A première vue, l’instrumentation choisie par Calmel laisse penser que Double Celli juxtapose un trio jazz (piano – violoncelle électrifié – batterie) et un trio à cordes classique (violon – alto – violoncelle), mais à l’écoute, ce n’est pas le cas : il s’agit bien d’un sextet et, en dehors de Phillips, les cinq autres musiciens sont des jazzmen patentés. Double Celli propose du jazz de chambre certes, mais certainement pas du cross-over sirupeux !

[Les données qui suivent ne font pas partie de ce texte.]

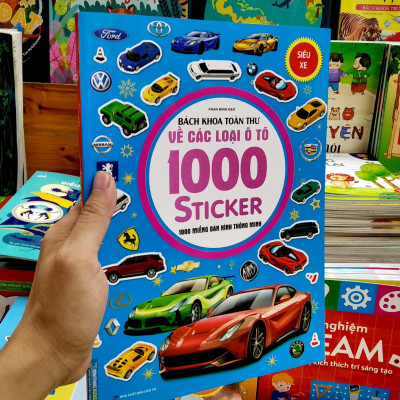 Bách Khoa Toàn Thư Về Các Loại Ô Tô 1000 Sticker - 1000 Miếng Dán Hình Thông Minh - Siêu Xe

Calmel écrit des mélodies élégantes (« Immatériel ») dans un esprit musique contemporaine (« Final Opus ») ou un style début vingtième (« Prélude des cinq rameaux »), dans une veine lyrique (« Submergés »), voire cinématographique (« La générosité n’attend pas »), avec des touches moyen-orientales (« Le Hongrois déraille »). L’architecture des morceaux est soignée : souvent, après une exposition du thème qui évoque la musique classique, la batterie, le piano ou le violoncelle électrique (qui navigue entre basse et soliste) lance le sextet dans des développements énergiques (« Epistrophe »). Les croisements de voix (« Immatériel »), les contrepoints (« Le Hongrois déraille »), les dialogues recherchés (« Pour El Ho »), les unissons virtuoses (« Final Opus »)… tiennent plutôt de la musique classique. Mais le sextet s’appuie sur des rythmes enlevés et une pulsation soutenue venus droit du jazz, avec des pizzicatos frétillants (« Au lever »), des poly-rythmes foisonnants (« Pour El Ho »), des boucles lancinantes (« Epistrophe »), des syncopes chaloupées (Il Palio ») et des riffs entraînants (« Immatériel »). La musique circule d’un musicien à l’autre et les instruments changent de registre au grès des morceaux, sans qu’aucun n’accapare le devant de la scène. Etant donnée la composition du sextet, les textures sonores jouent également un rôle clé dans la musique de Double Celli : contraste entre les cordes pincées, frottées ou frappées, osmose du violoncelle acoustique (quel son ! il faut dire que Phillips joue sur un Matteo Gofriller de 1710…) et du violoncelle électrifié, timbre chaleureux des percussions…

Calmel et son Double Celli explorent les confins du jazz et de la musique contemporaine sans se soucier des frontières, une musique apatride pleine de vitalité et salutaire par les temps qui courent ! Bravo.